The film was produced in two versions- a silent version for the foreign market, and a partly talking version with sound effects and some dialogue for American release. Both versions were thought lost until the silent film was rediscovered in the archives of the Dutch Filmmuseum in the late 1980s and subsequently restored. The talking version of the film remains lost.

== Plot ==
Timothy Osborn (Farrell) and Martin Wrenn (Williams) work as linemen for a utility in a rural area. Both flirt with Mary Tucker (Gaynor) who is the daughter of a widowed dairy farmer, As the film begins it is 1917, and America becomes involved in World War I. Both men join the U.S. Army.

While on the battlefield, Wrenn and Osborn serve in the same unit, and Wrenn is a sergeant. Ordered to deliver food to men at the front, Wrenn instead purloins the truck that was to be used for the delivery for personal use, and Osborn uses a horse-drawn wagon to deliver the food. While going to the front he is injured by shellfire.

Both men return home, and Osborn now uses a wheelchair. He and Wrenn vie for Mary's affection. She becomes attached to Osborn and visits him every day. Wrenn, who had been kicked out of the Army, uses money and guile to win over Mary's mother, who pressures her to marry Wrenn.

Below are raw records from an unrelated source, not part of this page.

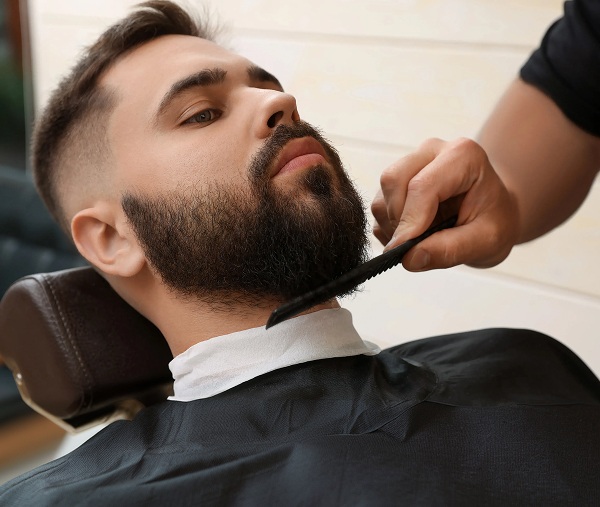 gentlemans-deluxe-haircut-img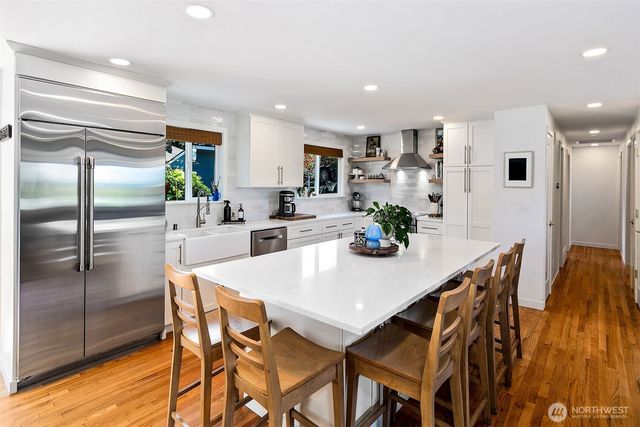 310 Pine Street, Edmonds, WA 98020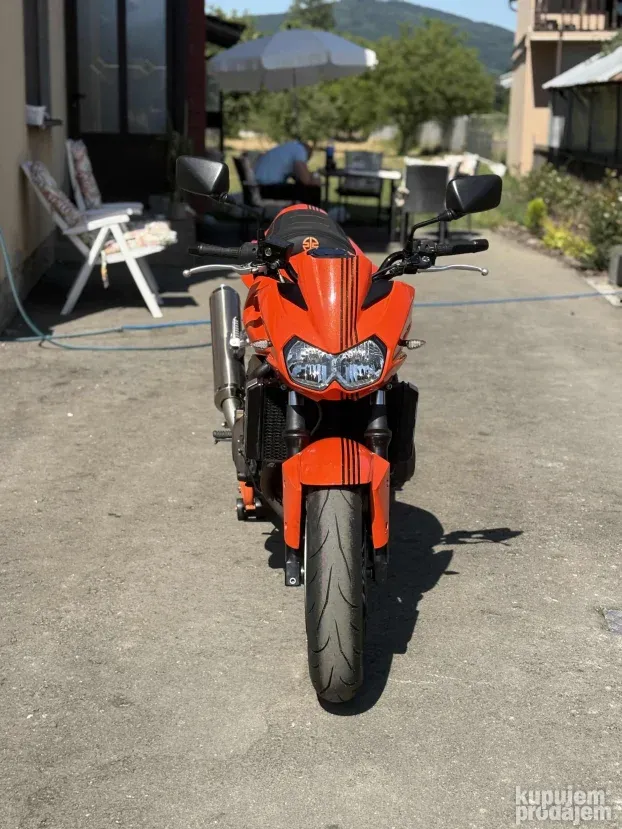 Kawasaki Z750 2005
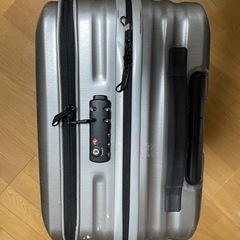 【中は綺麗です】サムソナイト　スーツケース　シルバーの画像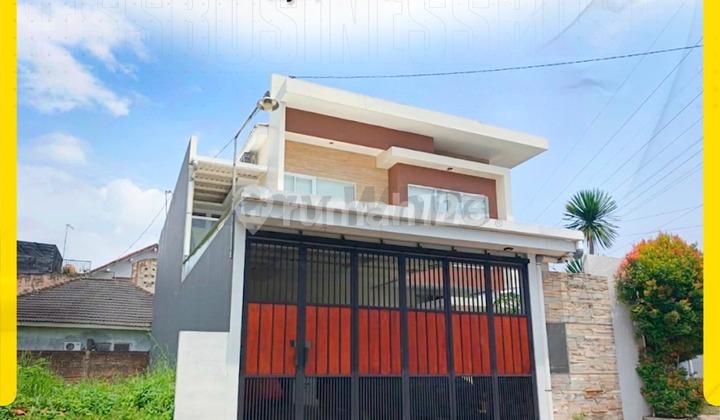 Rumah Hook 2 Lantai di Jajar Bangunan Modern dan Mewah Free 6 AC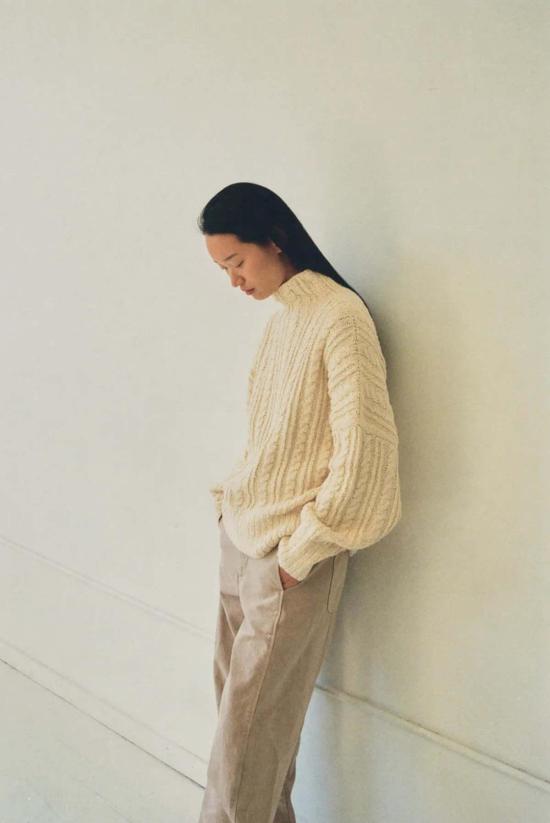  샤이나 모트 스웨터 스카이 터틀넥 - SHAINA MOTE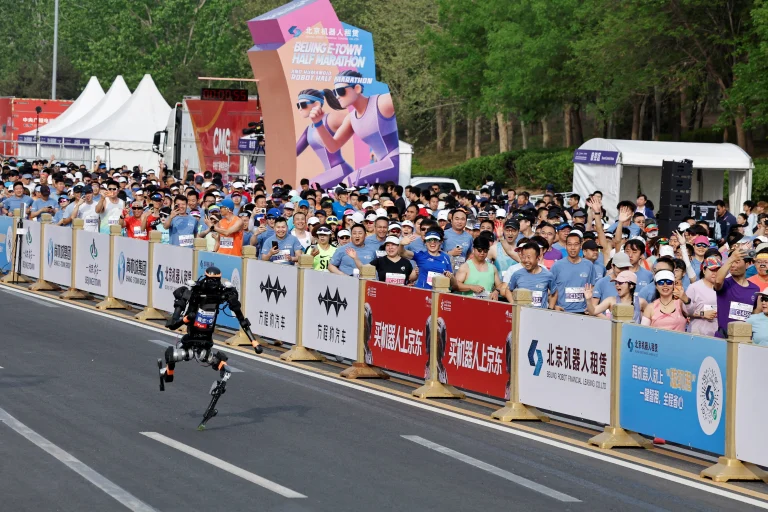 Robots humanoides superan a humanos en una media maratón en Pekín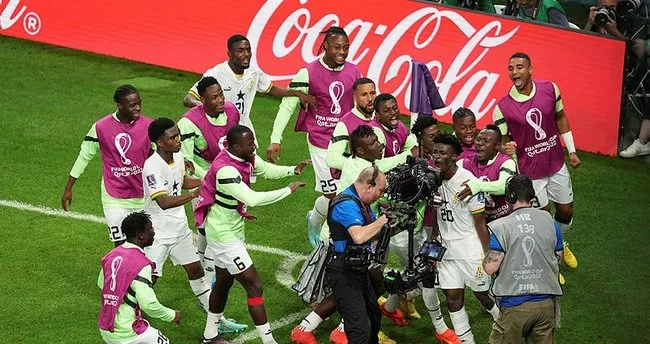 Dünya Kupası'nda Gana, Güney Kore'yi 3 golle geçti...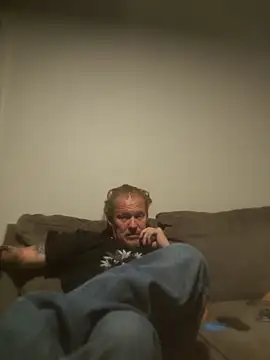 yourMasterisBored online show from April 3, 2:31 am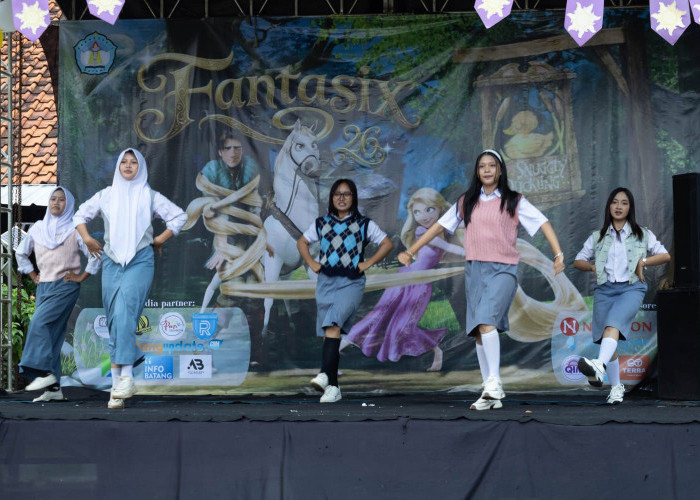 Semarak Dies Natalis ke-26, SMAN 2 Batang Gelar FANTASIX Penuh Kreativitas dan Kebersamaan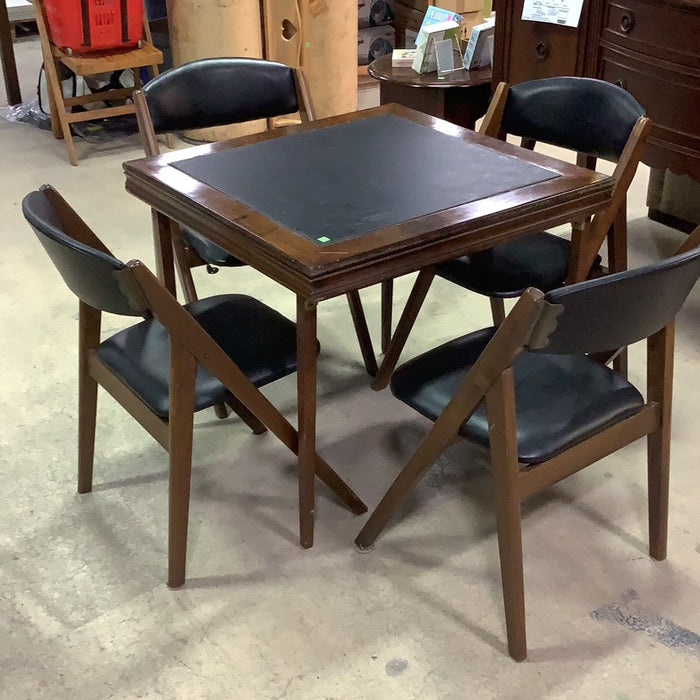 Norquist Coronet Table & Chairs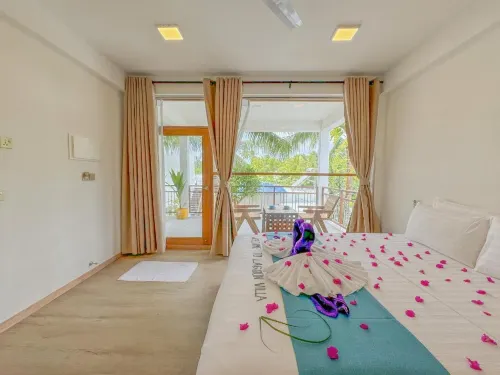 Lagoon Villa Thoddoo - balcony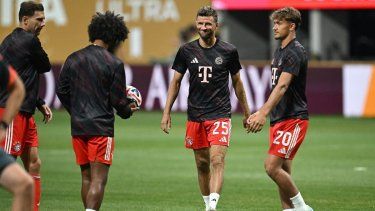 El delantero alemán #25 del Bayern Múnich, Thomas Mueller (2.º por la derecha), sonríe durante un calentamiento antes del partido de cuartos de final de la Copa Mundial de Clubes de la FIFA 2025 entre el París Saint-Germain de Francia y el Bayern Múnich de Alemania en el Mercedes-Benz Stadium en Atlanta el 5 de julio de 2025.
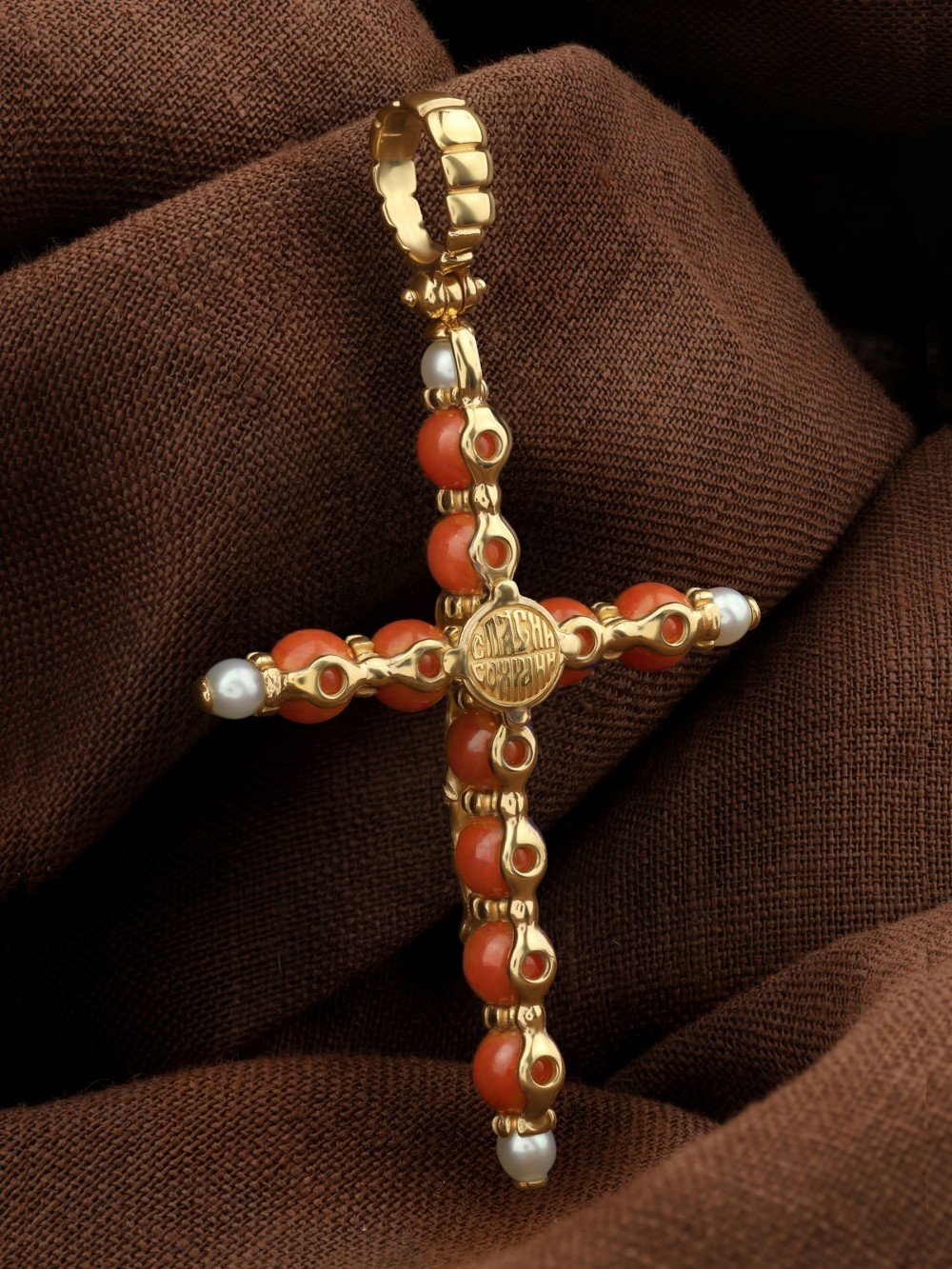 Крест из лимонного золота c жемчугом и кораллом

She stops seeing Osborn and agrees to marry Wrenn.

In the end, Osborn regains some use of his legs, walks through snow to confront Wrenn just before he is about to wed Mary. Townspeople intervene in their fight and put Wrenn on a train out of town. Osborn reunites with Mary.

==Cast==
- Janet Gaynor as Mary Tucker
- Charles Farrell as Timothy Osborn
- Guinn "Big Boy" Williams as Martin Wrenn
- Paul Fix as Joe
- Hedwiga Reicher as Mrs. Tucker

==Music==
The film featured a theme song entitled "Little Black Sheep" with words by L. Wolfe Gilbert and music by Abel Baer.